Um diese 6 Tage dreht sich dann auch der Hauptteil des Buches und die Erkenntnisse, die ich eingangs kurz zusammengefasst habe, erreichen die Leserschaft im Laufe der Erzählung. Alex ist eine Überlebenskünstlerin. Mit Tricks und Kniffen schafft sie es, wenn auch mehr schlecht als recht, für die Tage unterzukommen. Ihr Wahn, wieder zu Simon zurückzukehren, wird immer spürbarer und auch ihre Verzweiflung, dem alten Leben zu entkommen. Sie trifft in diesen 6 Tagen allerdings eine Reihe schlechter Entscheidungen, die ihre Lage - über das kurzfristige hinaus - verschlimmern und nicht verbessern. Sie setzt alles auf die Katharsis mit Simon. Ein, wie ich finde zutiefst menschlicher Zug, im Angesicht der drohenden Katastrophe einen Tunnelblick zu bekommen, verbunden mit der Hoffnung auf die eine Lösung, egal wie unrealistisch, die auch sein mag.

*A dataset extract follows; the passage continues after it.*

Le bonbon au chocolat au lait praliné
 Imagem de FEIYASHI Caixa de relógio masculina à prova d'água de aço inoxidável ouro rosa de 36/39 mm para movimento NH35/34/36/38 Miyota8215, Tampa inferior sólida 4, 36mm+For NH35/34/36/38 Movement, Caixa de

Ich mochte das Buch und habe mit jeder Seite mehr auf das Drama des letzten Aktes hingefiebert. Und genau der war es dann, der mich ein wenig enttäuscht hat. Die Geschichte wird unklarer und schemenhafter. Es gibt zwar ein Ende - also kein Cliffhanger - aber das bleibt für mich hinter den Erwartungen, die ich über die Seiten davor aufgebaut habe. Insgesamt kein schlechtes Buch. Ein bisschen Psychogramm, ein bisschen Milieustudie, ein bisschen Mitleid mit der Anti-Heldin und der Wunsch, ihre wahnhafte Hoffnung möge eintreten und sie Erlösung finden. Der Wunsch, wissen zu wollen, was hinter der nächsten erzählerischen Biegung auftaucht, hat mich das Buch schneller lesen lassen, als es der Inhalt eigentlich hergibt. Also lesenswert, für jeden, der einen Zeitvertreib sucht.